Work order:
Reproduce, exactly and in full, only the lines below from the one containing "Hooded Fleece Zipper Jumpsuit with Pockets" through the one containing "Personalized Vintage Nursery".

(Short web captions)
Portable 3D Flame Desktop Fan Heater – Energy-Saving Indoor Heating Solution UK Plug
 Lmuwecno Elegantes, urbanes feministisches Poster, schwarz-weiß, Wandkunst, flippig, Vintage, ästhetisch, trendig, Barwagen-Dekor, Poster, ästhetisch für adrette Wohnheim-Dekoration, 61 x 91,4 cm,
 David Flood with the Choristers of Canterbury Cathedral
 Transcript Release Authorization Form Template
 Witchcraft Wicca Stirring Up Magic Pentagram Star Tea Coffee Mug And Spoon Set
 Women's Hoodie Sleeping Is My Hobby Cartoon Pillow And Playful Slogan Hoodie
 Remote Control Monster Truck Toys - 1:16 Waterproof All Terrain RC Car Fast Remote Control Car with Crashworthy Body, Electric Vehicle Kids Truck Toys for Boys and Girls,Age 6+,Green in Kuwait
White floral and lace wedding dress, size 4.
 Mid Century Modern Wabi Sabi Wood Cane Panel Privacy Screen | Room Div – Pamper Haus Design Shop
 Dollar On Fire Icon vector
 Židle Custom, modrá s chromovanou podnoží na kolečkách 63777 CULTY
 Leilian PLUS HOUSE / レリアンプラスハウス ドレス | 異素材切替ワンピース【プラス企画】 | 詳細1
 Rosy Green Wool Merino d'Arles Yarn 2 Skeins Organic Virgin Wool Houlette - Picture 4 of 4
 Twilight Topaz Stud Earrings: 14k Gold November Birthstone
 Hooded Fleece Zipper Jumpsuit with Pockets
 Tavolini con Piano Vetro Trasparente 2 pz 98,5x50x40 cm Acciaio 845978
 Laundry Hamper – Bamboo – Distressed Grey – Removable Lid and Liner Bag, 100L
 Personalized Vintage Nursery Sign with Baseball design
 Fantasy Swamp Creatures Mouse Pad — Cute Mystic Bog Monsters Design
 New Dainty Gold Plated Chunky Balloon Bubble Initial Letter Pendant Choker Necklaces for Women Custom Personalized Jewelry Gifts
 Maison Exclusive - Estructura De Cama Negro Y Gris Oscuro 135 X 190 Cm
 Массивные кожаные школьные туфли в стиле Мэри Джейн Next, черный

Written reply:
 Hooded Fleece Zipper Jumpsuit with Pockets
 Tavolini con Piano Vetro Trasparente 2 pz 98,5x50x40 cm Acciaio 845978
 Laundry Hamper – Bamboo – Distressed Grey – Removable Lid and Liner Bag, 100L
 Personalized Vintage Nursery Sign with Baseball design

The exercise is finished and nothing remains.